Archival Image of Star Wars opening

Yet in many senses Star Wars is of course a “good” film. There is an entire separate question of craft, and what I would call, for lack of another formulation classical craft of which Star Wars is one illustration. But in posts like the current one I am chiefly interested in the varieties of artistic styles, in the most plural sense, and the interaction of these with personal biography more generally.

There are perhaps millions of people who felt about the Star Wars premiere in ways damned close to my 1979 viewing of Blow-Up and probably maybe only thousands that felt as I did about Blow-Up, and of course some of those folks might appreciate Star Wars as much as they do Blow Up.

I have no idea what the reasons are for the anomaly of my character in this regard. I don’t think it is only personal idiosyncrasy: I sensed something of the the value of what Antonioni was doing and was fortunate to have such sensors as part of my makeup. Alongside this there is of course the deficit of me not seeing Star Wars virtues, if we are to conclude that it has virtues.

A lot of my history with all of the arts has been about an attempt to understand all of this. I don’t expect or even want any final or singular answers.  But I am looking to understand just a little better those realities that play a role in making me who I am.

I do think Blow Up is a far better film on every level than Star Wars, (and better than many other films - including some great ones - that themselves are also better than Star Wars.

On a visual level Blow Up is of course prettier or more beautiful in its composition - if we are to stay on the visual level of a motion picture.  If we are going to discuss matters like psychology or philosophy, it is even better according to these criteria. I am aware that one might say this is simply a meaningless and incomparable comparison because the two pictures are so different in every way, in style, purpose and so on. But I stand by my assertion, even taking the objective differences into a full account.  And this was the point of a view of a thirteen year old; you can predict that my appreciation could only grow as I became a man.

There is no universe in which I am going to want to watch a crowded mise en scene of made up characters in space suits running around and engaging in really frantic  behavior more than the looking at fashion photography in London of 1966 in lush painterly, painterly color. Nor want to look at Carrie Fisher more than Veruschka, Vanessa Redgrave and Jane Birkin. You can imagine all of the social problems I encountered on a daily basis if I dared to express such preferences to any soul. My podcast really exists to understand these and other important facts in arts and letters. It also exists to try and explain to the best of my ability what goes into making either a Star Wars and a Blow-Up as well as many  objects that are far removed from either in sensibility or their reception.

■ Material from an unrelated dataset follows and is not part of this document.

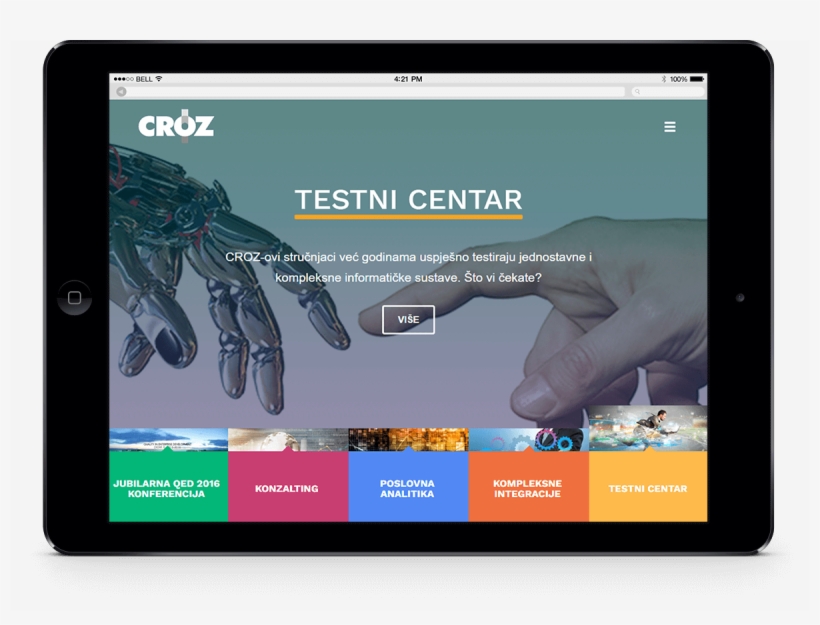 Responsive Web Page Available From Any Device - Trader, transparent png download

Verushka in the film Blow Up

There is a personal and social dimension to of that Tampa Theatre screening.

A very hip young reporter named Greg Tozian met me and my dad there and I looked up to this guy. After all he had sold me some of my first books I ever bought - at Waldenbooks (or was it Daltons?) - something by Jerzy Kosinski called Being There, at the mall.  His bookstore days were long before he  become the local movie critic (and long before he went on to many other careers, most involving writing of one kind or another). And it was Greg Tozian who urged us to see Blow Up in the first place. Maybe through him, and his girlfriend, at the time Elaine, I saw that the world of the arts could open me up to different kinds of people, people who thought about the world in a different way, with more curiosity. Of course these people were adults and I was still a young teen boy, yet I seemed to relate to them far better than the humans of my own age.

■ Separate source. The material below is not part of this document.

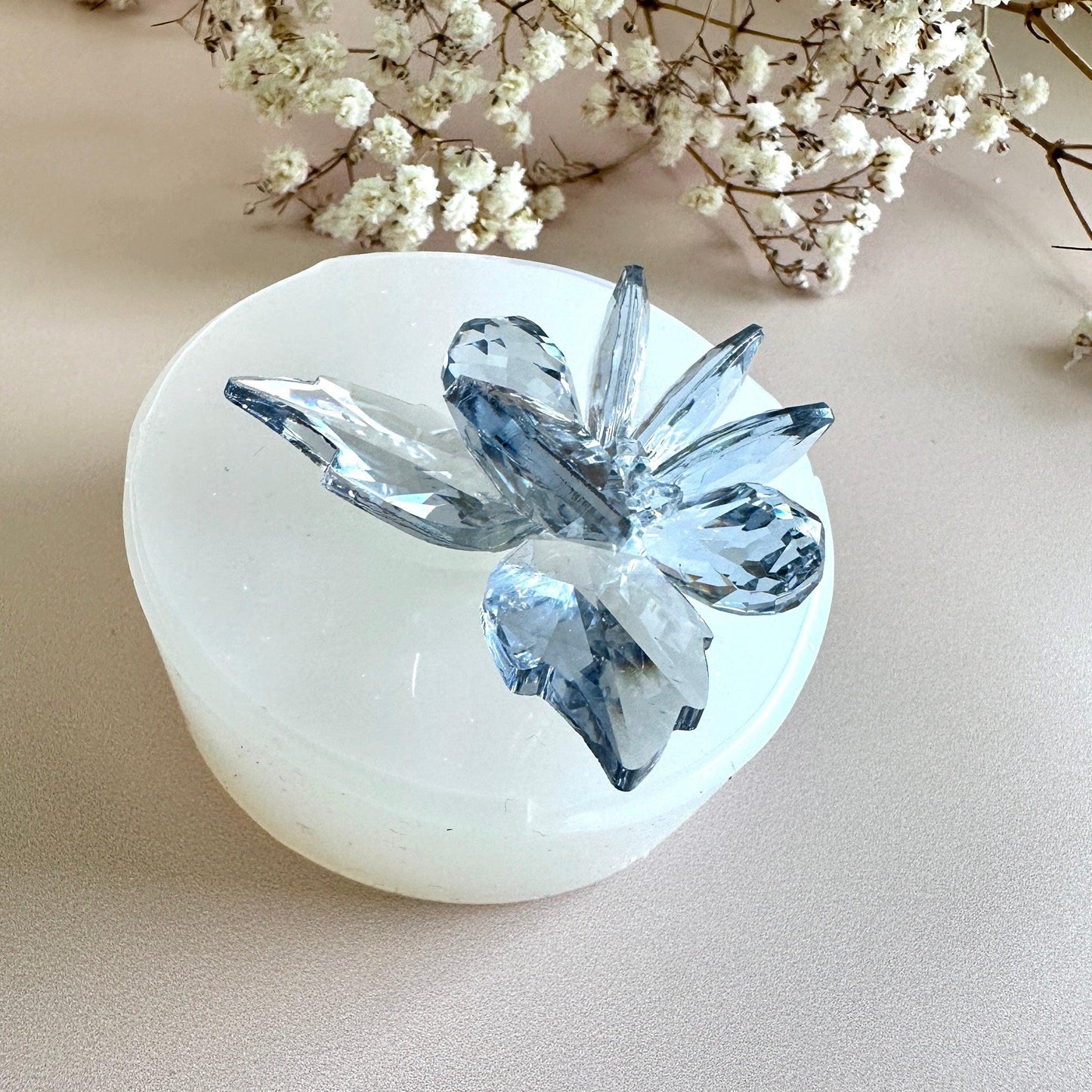 Crystal Design Silicone Mold – High Quality Resin Mold for Jewelry Silicone Mold Ideas Decor Shop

It is genuinely hard to believe that I have a platform with this podcast where I can deal with the world of the arts most directly. Perhaps everything discussed in this post and others close to it were accusative leading to this current project. I don’t mean this in the one of literal inevitability since I am no kind of determinist. I mean that my concerns have always been the same concerns and it is only now that I feel best equipped to share what I have learned.